Anyone else been there? How did you manage, how long did it last? Did it suck or were you guys able to be friendly eventually?


----------



## Tropiclands

Well you really aren't fully separated if you're still living together. Are you able to move away on your own?


----------



## DaisyDreamer

Tropiclands said:


> Well you really aren't fully separated if you're still living together. Are you able to move away on your own?

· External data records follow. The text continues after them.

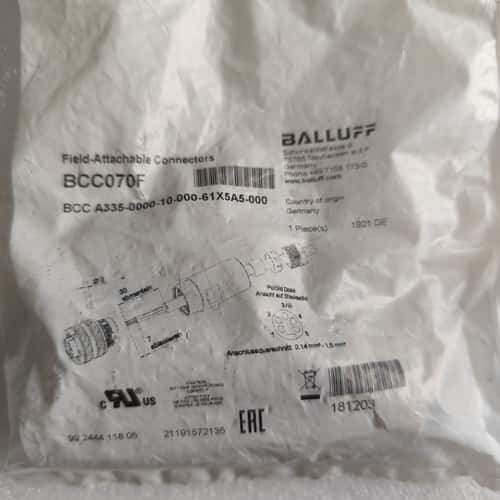 议价巴鲁夫BCC070F接头！德国制造BCC A335-可维修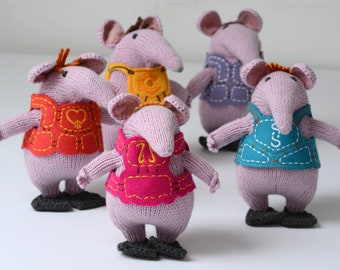 Hand Knitted Clanger Soft Toys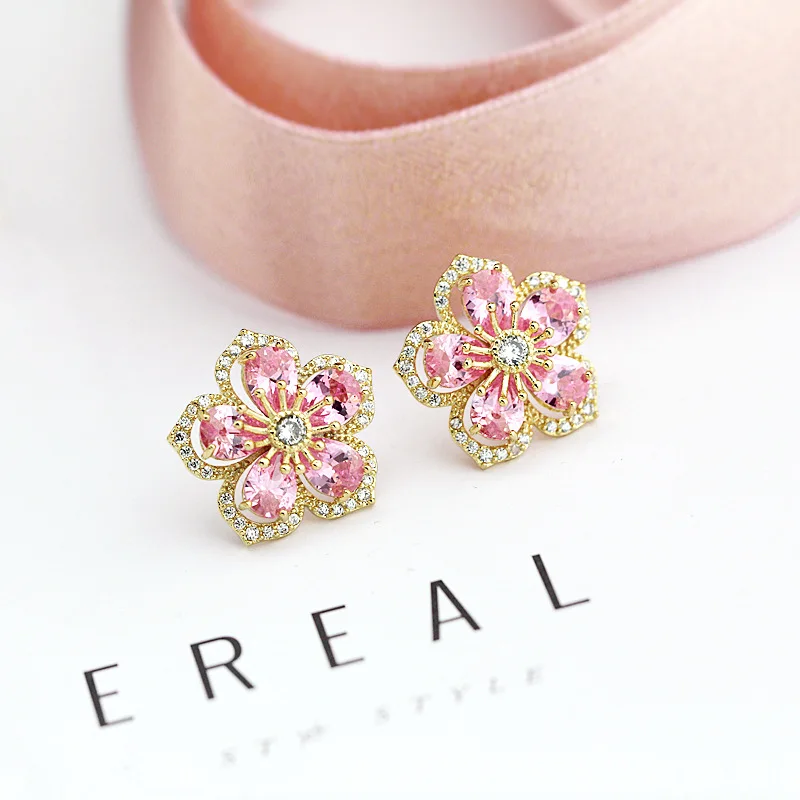 2020 новые корейские преувеличенные большие серьги в форме цветка модные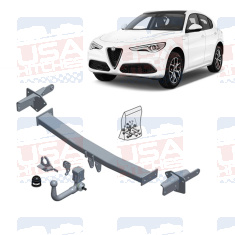 Alfa Romeo Stelvio Detachable Towbar Brink BR-632800 - EuroFit Towbars & Electrics - eurofittowbars.com.au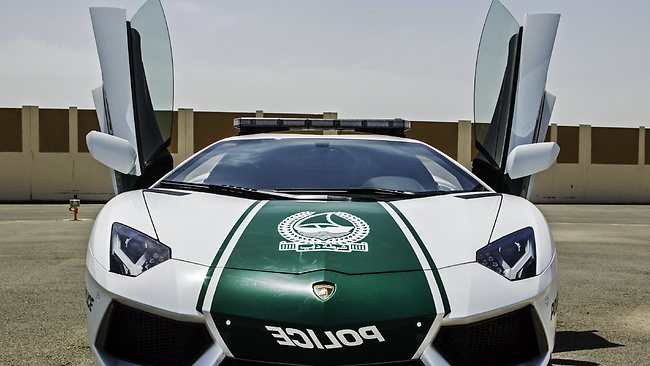 Mideast Emirates Dubai Lamborghini Patrol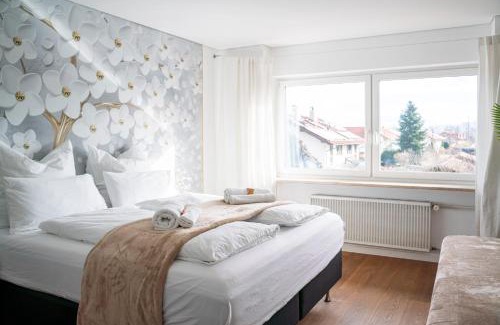 Rosenheim Apartment | 130m2 Loft - Balkon, Smart TV, Badewanne, Kaffee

Not particularly due to finances.


----------



## Tropiclands

Okay. Are you trying to get financially independent to where you are able to live on your own?


----------



## Noria

I think you should move out as fast as possible! I did the same thing!


----------



## MrsT&Ben

I lived with my (can't come soon enough) ex husband for 3 months after we split up. It was hell. 
Thankfully he slept in the living room and I was in the bedroom. 
I hated it. You need to find a way to move out asap.


----------



## SpecialScars

I posted earlier here. I'm divorced with 3 FT kids from that marriage, 14 weeks pregnant with bf, but I'm breaking up with him tonight. We both live with his mother, and as a single, now pregnant mom of soon to be 4, there's NO WAY I can move out until I finish my BSN program and get a career - in 3 years. We don't share finances or accounts or anything, since he shares all that with his mommy (barf - part of the problem). . .so it's easier for me to feel independent since I've basically felt that way except for having to live here where the rent is cheap. . .I feel like it's doable. I also have a friend who has lived with her ex-husband for years because she is unable to make it on her own, and he pays all the bills. It's not fun, but they've made it work this far. I think it's manageable if there is a plan - for me to rush out of here would disrupt all my children and be an enormous hardship and isn't worth is as long as my 'bf' and his mom can respect my needs and space, and I pay them rent and take care of the household chores, ect, like I always do. 

so, don't worry and DON'T rush into another, different stressful situation that you can't afford. SLowly separate yourself from him, open your own accounts and take your time to assure you're doing things wisely. have a good plan and move towards that. Don't sleep with him!! Give yourself a break from other men as well - don't rush into anything just to have some support. . .good luck!!


----------